ImageClassifier with ExponentialLRDecay: metrics not updated/calculated during validation #4807

gartangh · 2020-02-07T11:10:00Z

System information

OS version: Windows 10 Pro 18363
.NET Version: Core 2.1
Platform: x64
ML.NET version: 0.15-preview

Issue

What did you do?
I am trying to train an image classifier that makes use of ExponentialLRDecay.
I would like to see the metrics for training and validation for each epoch.

var options = new ImageClassificationTrainer.Options()
{
  LearningRateScheduler = new ExponentialLRDecay(),
  ValidationSetFraction = 0.1f,
  MetricsCallback = (metrics) => Console.WriteLine(metrics  + $"   CrossEntropy: {metrics.Train.CrossEntropy}, LearningRate: {metrics.Train.LearningRate})
};
var model = mlContext.MulticlassClassification.Trainers.ImageClassification(options);

(I added + $" CrossEntropy: {metrics.Train.CrossEntropy}, LearningRate: {metrics.Train.LearningRate}", because the crossentropy and learning rate are not printed by default for the validation set.)

What happened?
- The learning rate is not updated for the validation set (seen on every even row in the image).
- The cross-entropy is not calculated for the validation set (seen on every even row in the image).
- The learning rate is not updated after the second epoch like the default value of 2 for numEpochsPerDecay in ExponentialLRDecay(), but after the first instead (seen on the third row in the image). After that, the learning rate is correctly updated every 2 epochs. I'm not sure if this is the expected behavior.
What did you expect?
- I expected a decaying learning rate in the validation step, equal to the one in the training step.
- I expected the cross-entropy to be calculated in the validation step.
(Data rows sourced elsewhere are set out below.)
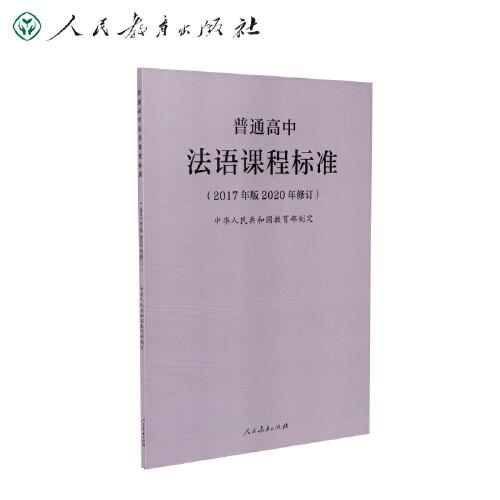 普通高中法語課程標(biāo)準(zhǔn)（2017年版2020年修訂）
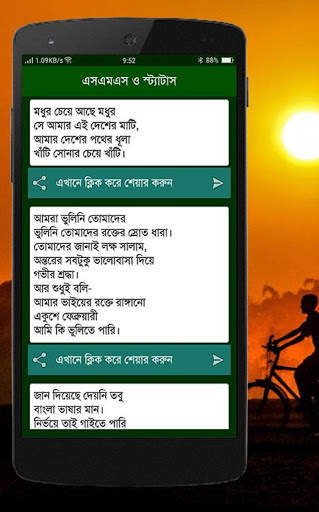 ২১শে ফেব্রুয়ারী, মাতৃভাষা দিবস screenshot 2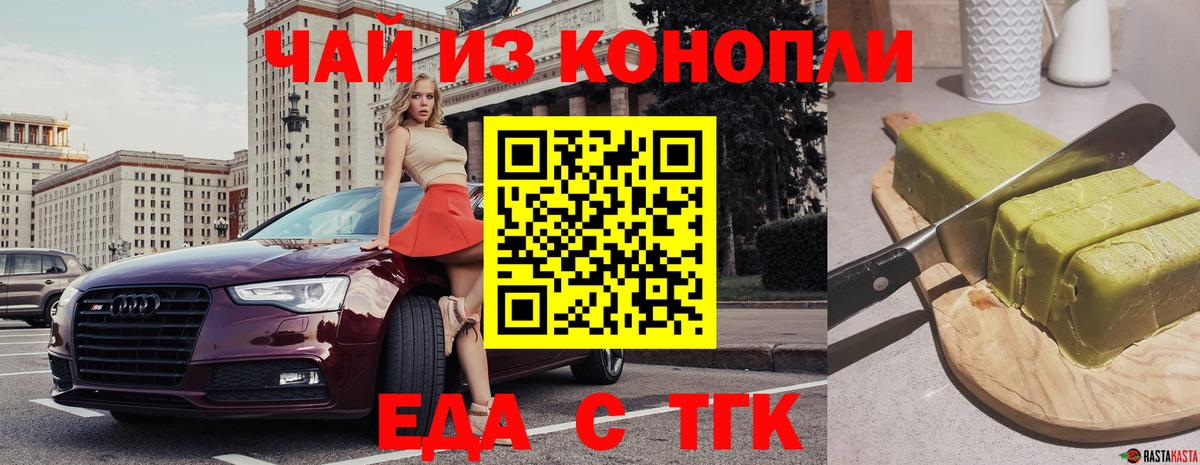 Можайск  Cannafood марихуана  Вход с VPN 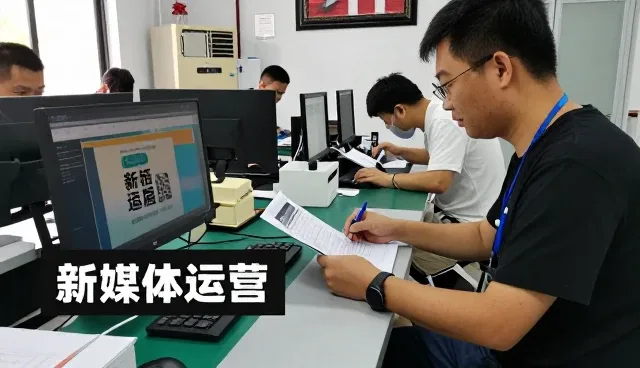 内容传播篇：广告设计制作新媒体运营套餐实用干货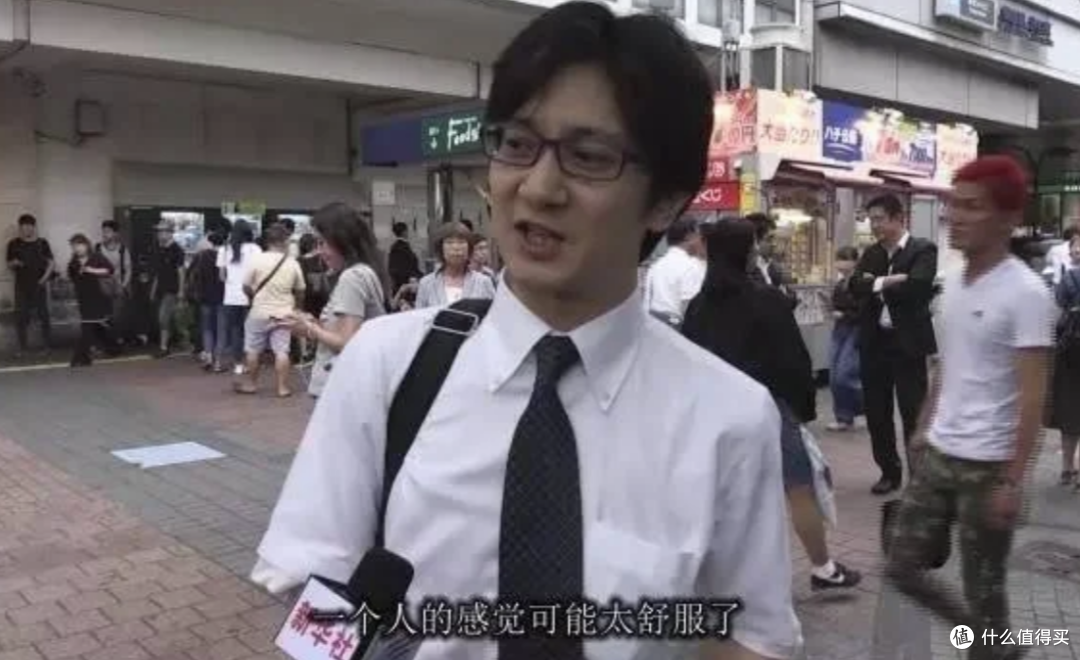 日本“失落的三十年”，普通人到底是怎么挺过来的呢？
The model with the highest Accuracy and lowest CrossEntropy are the best, so if 2 models perform equally well in terms of accuracy, the one with the lowest cross-entropy on the validation set should be picked.
- Further, I expected the learning rate to start decaying after the 2nd epoch.

The text was updated successfully, but these errors were encountered:

gartangh · 2020-02-07T15:06:32Z

After looking into some blog posts, I found that my point about the learning rate decaying too soon might be invalid.
Mostly, the learning rate indeed decays at epoch n-1 when starting to count epochs from 0 and numEpochsPerDecay=n.
So epoch 0 has the original learning rate and epoch 1 is already decayed when numEpochsPerDecay=2, or epoch 0-8 have the original learning rate and epoch 9 is decayed first when numEpochsPerDecay=10.
This is not really intuitive to me, but it might be correct!

gartangh · 2020-06-18T13:38:55Z

I created a minimal working example based on the DeepLearning_ImageClassification_Training example, that reproduces the bug here.
I updated to version 1.5.0, changed the ImageClassificationTrainer.Options, and added a custom MetricsCallback.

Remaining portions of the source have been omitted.